And then the boss fight… We were probably not supposed to fight this thing, since it was obviously well above our level and we could not seem to land a hit on it more than 1/5 of the time, but we tried anyway. After the other players had a run of good luck and were able to reduce it’s AC (one of them flanking with me, the other used an AC-dropping attack) to where I could hit on an 11 or higher, I decided maybe my luck would turn too. It was all up to me now, this is what the rest of the party was trying to set up. Over the next 2 rounds I blew all my dailies, encounter powers, and action point and did 4 attacks per round. Sure enough my luck did change, as not a single roll was 1 less than what I needed to get. I rolled nothing higher than a 5. The DM ruled that the boss let us live because he had not laughed that hard in ages and was thus in a good mood.
The real killer is that up until that incident my character had quite the reputation of being an efficient killer/mercenary…

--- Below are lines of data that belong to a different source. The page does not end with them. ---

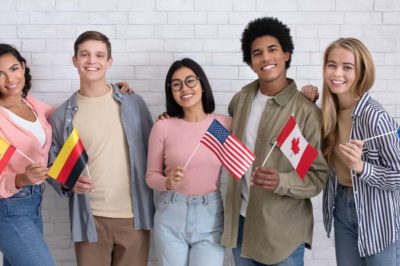 Diverse group of 5 teens smiling and holding flags from different countries.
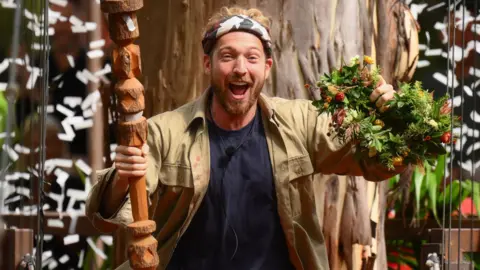 James Gourley/ITV/Shutterstock Sam Thompson celebrating his win on I'm A Celebrity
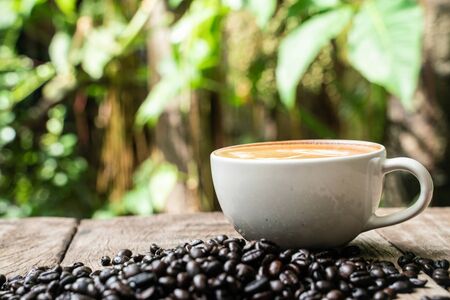 Latte art coffee cup with coffee bean on wood table drink industry object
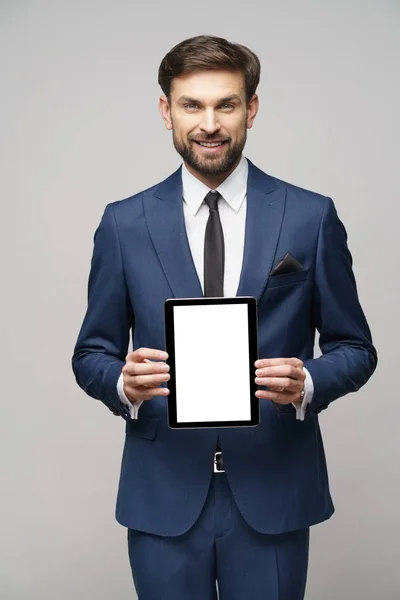 Ung affärsman presenterar digital tablet pc pad med tom skärm — Stockfoto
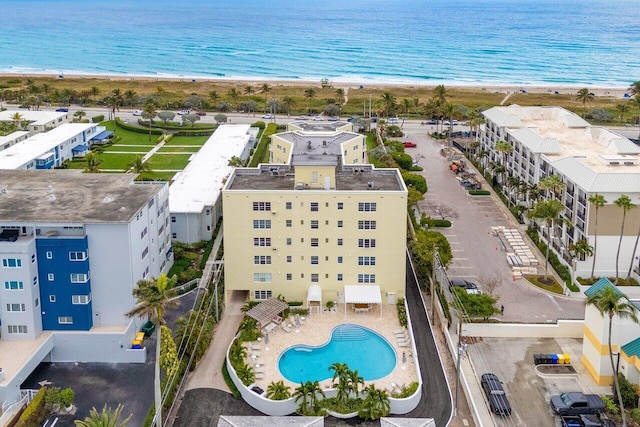 drone / aerial view with a beach view and a water view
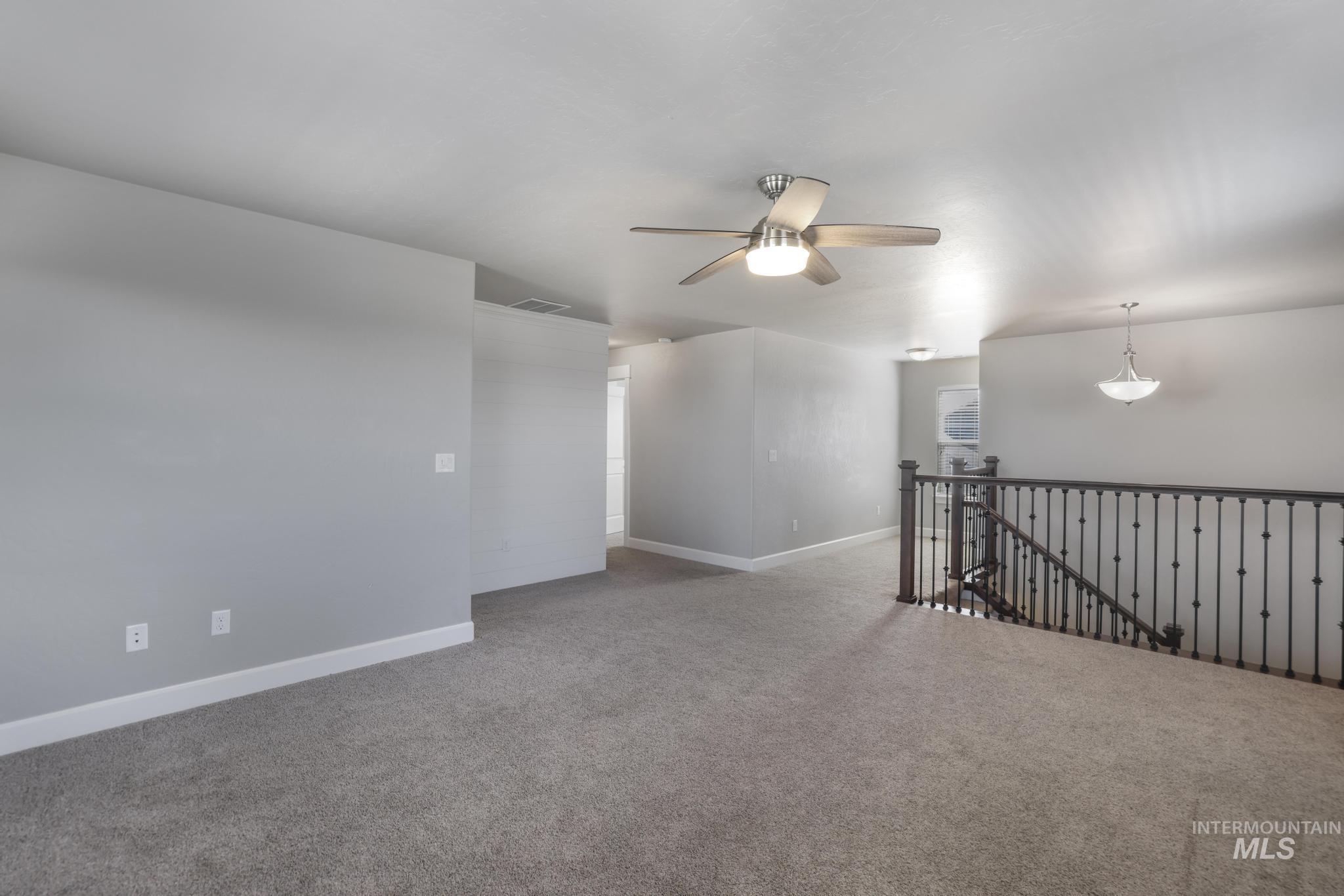 2858 Sunray Loop Twin Falls, ID 83301 - Photo 27 of 45 Unfurnished room with carpet floors and ceiling fan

August 3rd, 2011 at 5:22 am
Make way, mathematician coming through… :P
A key principle of probability is that you need to look at independent events independently. Rolling 1d10 and getting a 1 is a 1 in 10 chance, regardless of how many 1s were rolled before, and this never really changes in principle (specific factors may apply however which I will discuss later). This means that any specific outcome of a set number of rolls is always the same, as others have described above. Generally, probability is calculated using a large sample of these sets of rolls, using a statistical average. If order is important, the answer is easy, since each outcome is unique, but if the order is irrelevant, the outcomes are combined into totals (the latter being the case for working out probabilities for success in 7th Sea based on just stats). None of this, however, changes the fact that an individual dice roll is still 1 in 10 of coming up any single number, and you only get to roll it once.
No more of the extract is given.